The EverFlex self-expanding peripheral stent system has received FDA approval for the treatment of atherosclerosis in the iliac arteries.

The new indication for the EverFlex stent (ev3 Inc./Covidien) includes improving luminal diameter in patients with atherosclerotic disease in the common and/or external iliac arteries ≤100 mm in length, with a reference vessel diameter of 4.5 mm to 7.5 mm, according to the FDA approval letter.

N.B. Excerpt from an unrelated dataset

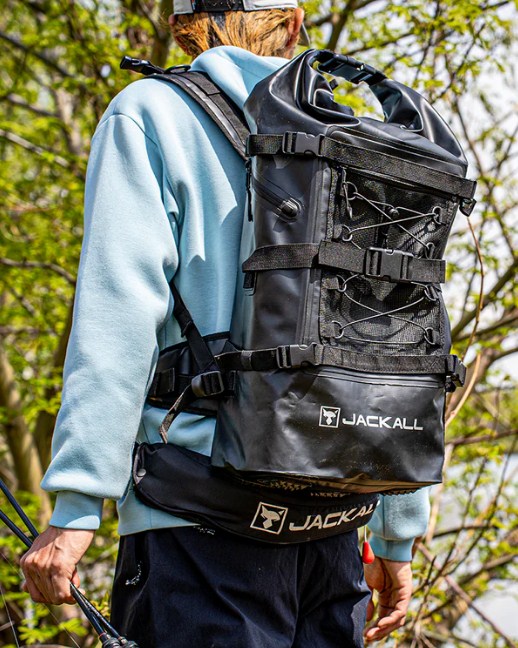 Водоустойчива чанта за спининг риболов JACKALL WATERPROOF BACKPACK L (30L - 35L) - Черна на човек, носеща риболовна екипировка.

The nitinol stent can be delivered via a 6F catheter, and features a spiral-cell connection and peak-to-peak connection nodes that disperse force uniformly, along with a three-wave peak design that resists compression and enhances apposition, according to the manufacturer’s website. The flexible stent is intended to improve fracture resistance and restore vessel patency.

The approval follows results from the DURABILITY Iliac study, in which investigators from 13 US and two European sites enrolled 75 patients with stenotic, restenotic or occluded lesions of the common and/or external iliac arteries. The rate of major adverse events at 9 months, the primary outcome of the trial, was 0% among patients implanted with the EverFlex stent.

Since March 2012, the EverFlex stent has been commercially available in the US for use in the superficial femoral and proximal popliteal arteries.